Exclude the pictures, then restate exactly each line of the data below from the first through the line containing "Góra puszystych racuchów".

········

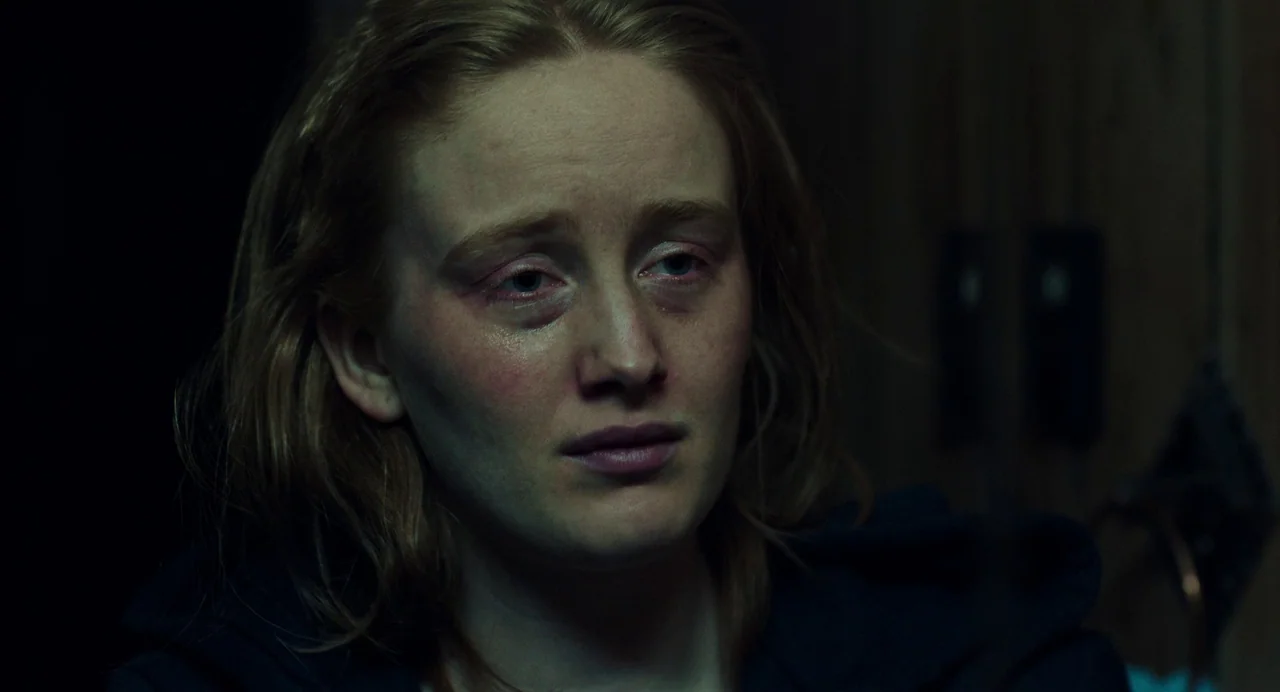 My Animal (2023) movie still: closeup — A dimly lit indoor space with a dark, indistinct background. A young woman looks off-camera with visible…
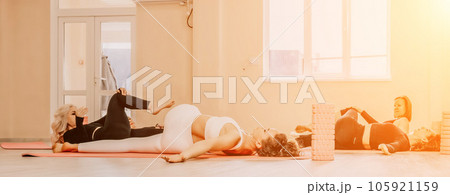 Happy middle aged well looking women, performing fascia exercises on floor using massage foam roller - tool to relieve tension in the back and relieve muscle pain. Female fitness yoga routine concept 105921159
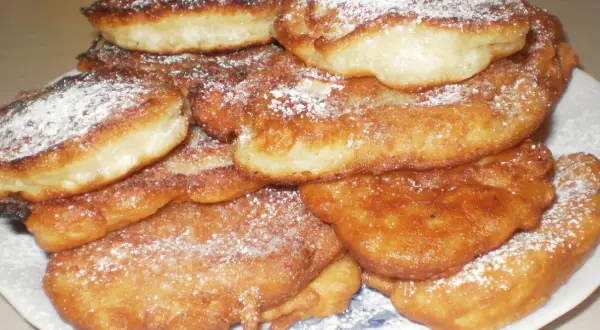 Góra puszystych racuchów bez drożdży, posypanych cukrem pudrem. Idealne na szybkie śniadanie lub deser.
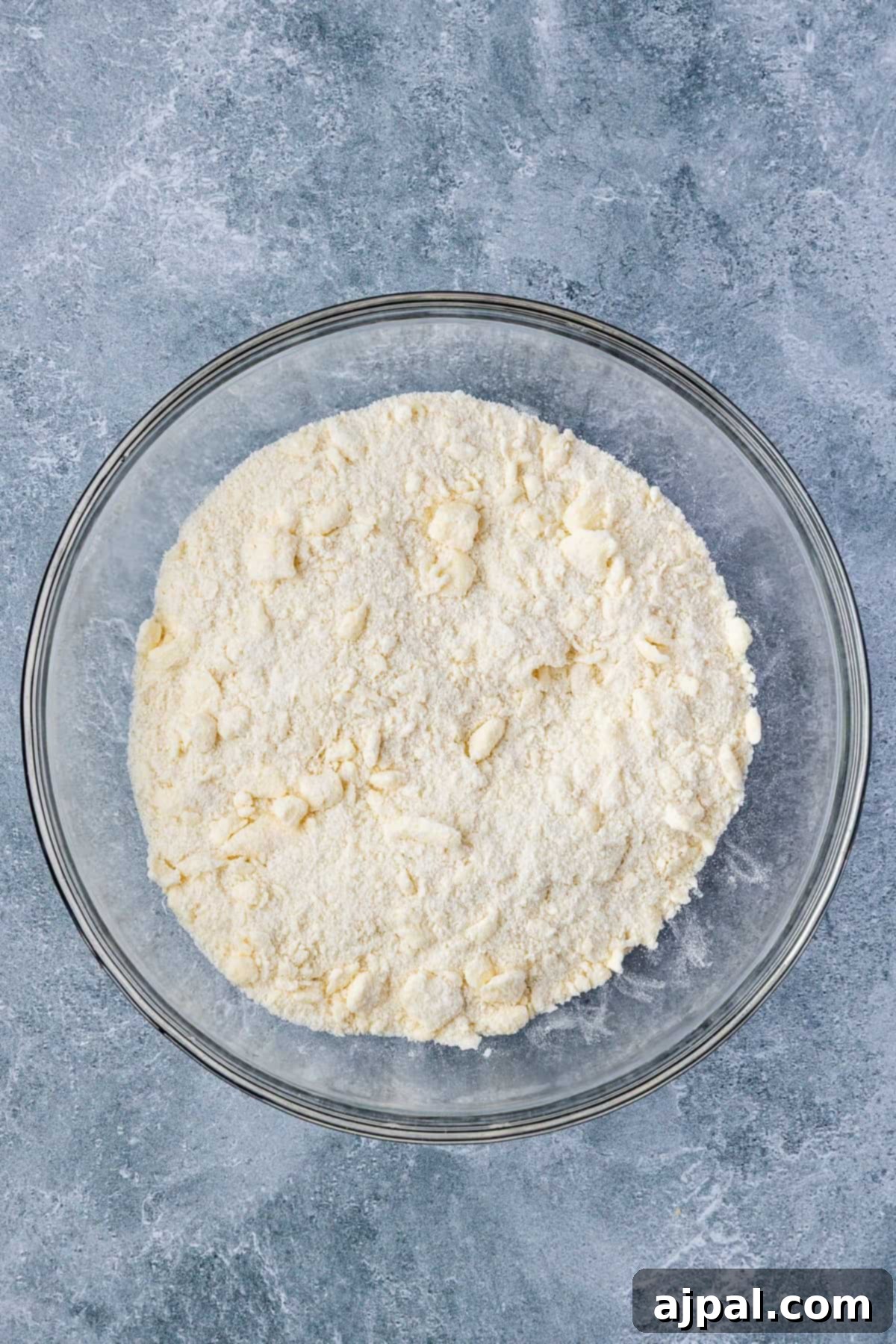 A glass bowl filled with flour and small pieces of butter sits on a gray textured surface, ready to become the perfect base for a delicious Smoked Berry Cobbler.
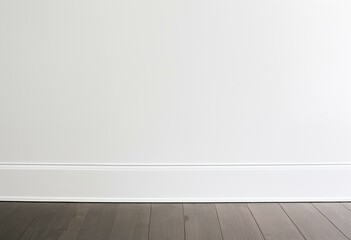 A white wall and wooden floor in an empty room.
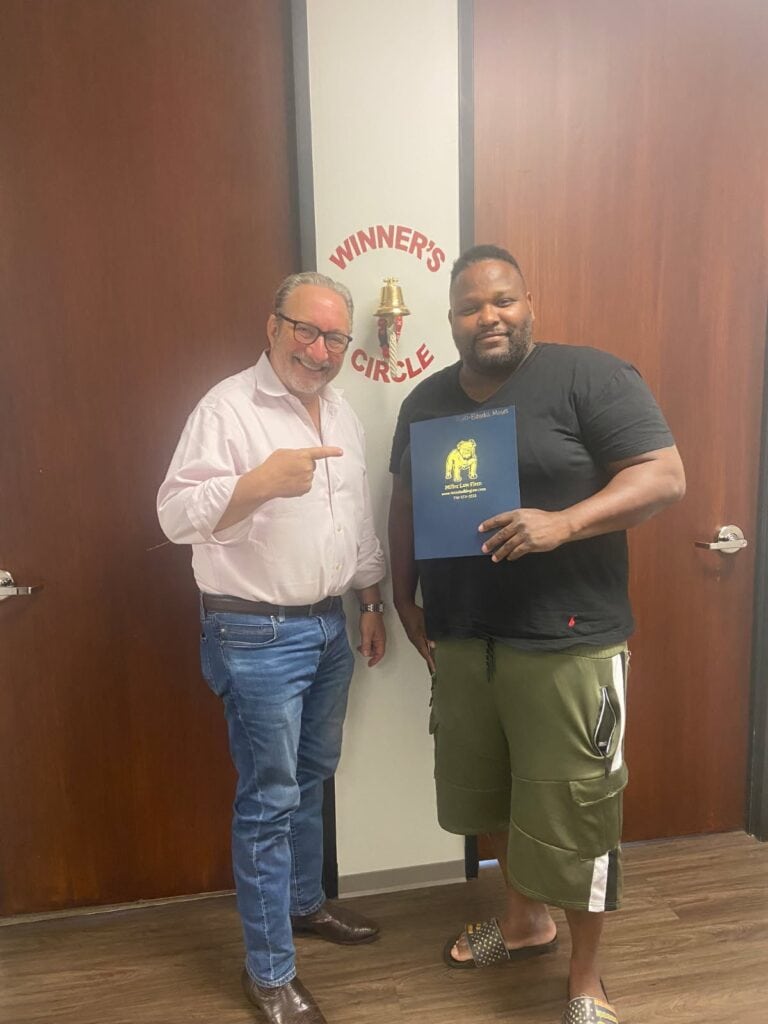 Personal injury client ringing bell after successful settlement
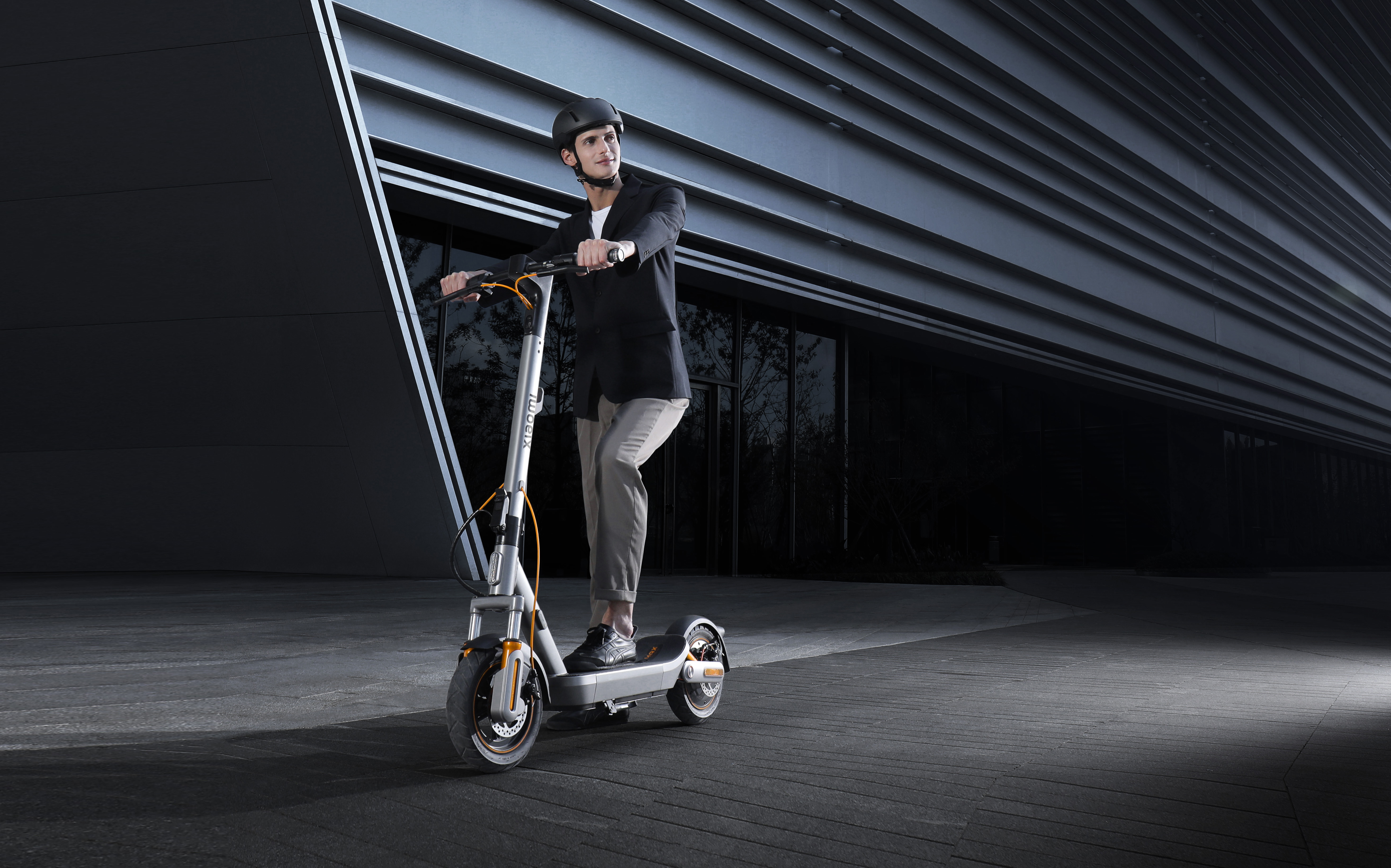 Mann in schwarzem Sakko und Helm fährt E-Scooter vor modernem Gebäude.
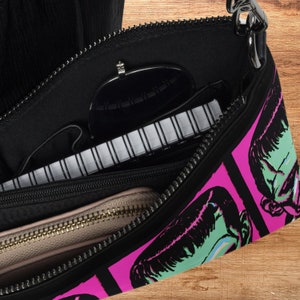 This shoulder crossbody purse converts to a large wristlet clutch. This purse features a retro Frankenstein Monster print of a green monster with a pink background.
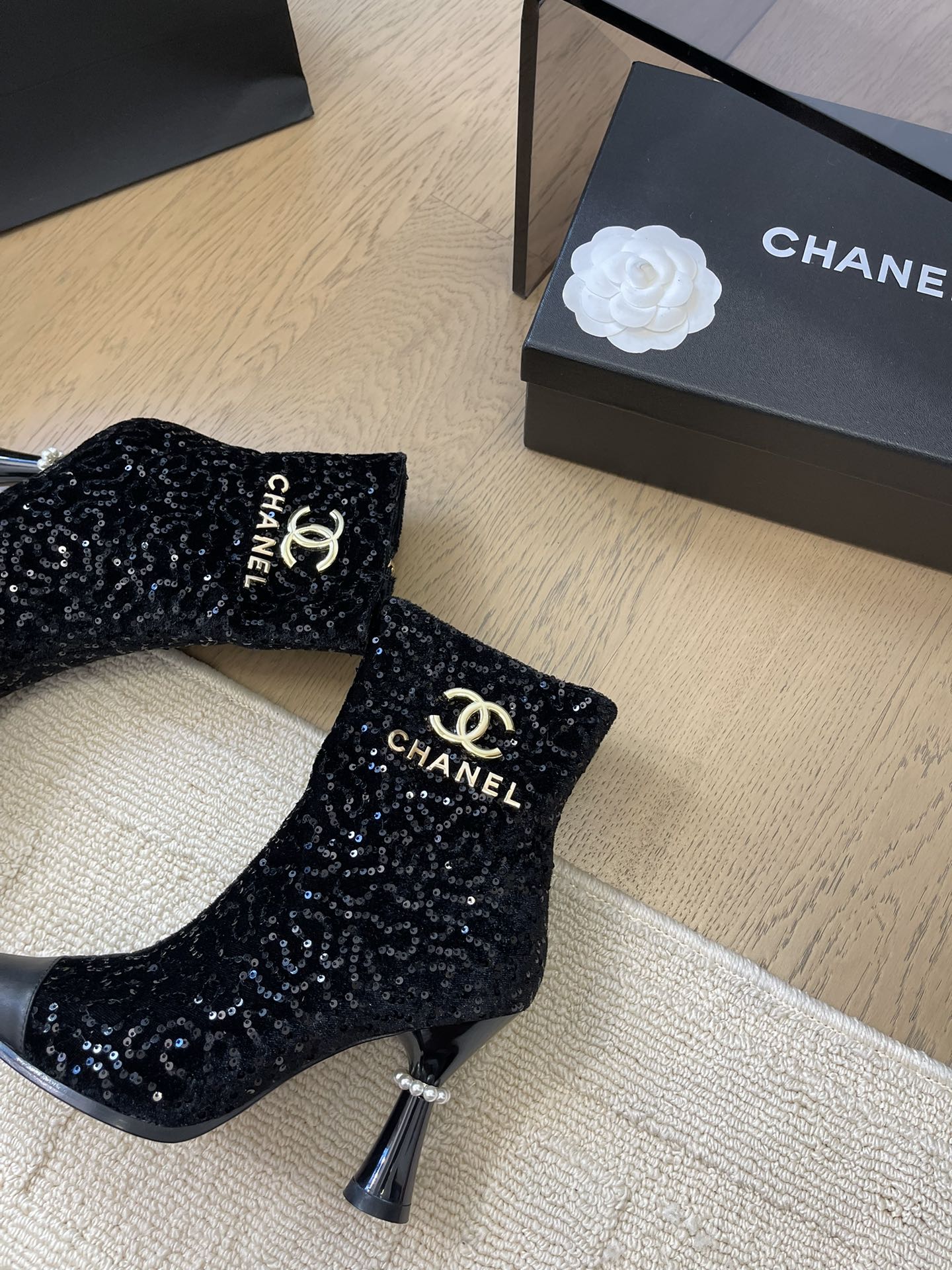 CHANEL BONGADE BOOTS IN BLACK CALFSKIN AND SEQUINS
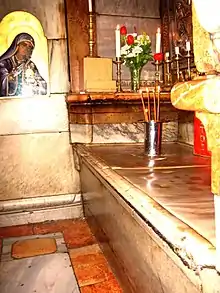 The Tomb of Jesus (raised platform to the right, interior the second chamber inside the aedicula)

········

• _Reply to the task_
 My Animal (2023) movie still: closeup — A dimly lit indoor space with a dark, indistinct background. A young woman looks off-camera with visible…
 Happy middle aged well looking women, performing fascia exercises on floor using massage foam roller - tool to relieve tension in the back and relieve muscle pain. Female fitness yoga routine concept 105921159
 Góra puszystych racuchów bez drożdży, posypanych cukrem pudrem. Idealne na szybkie śniadanie lub deser.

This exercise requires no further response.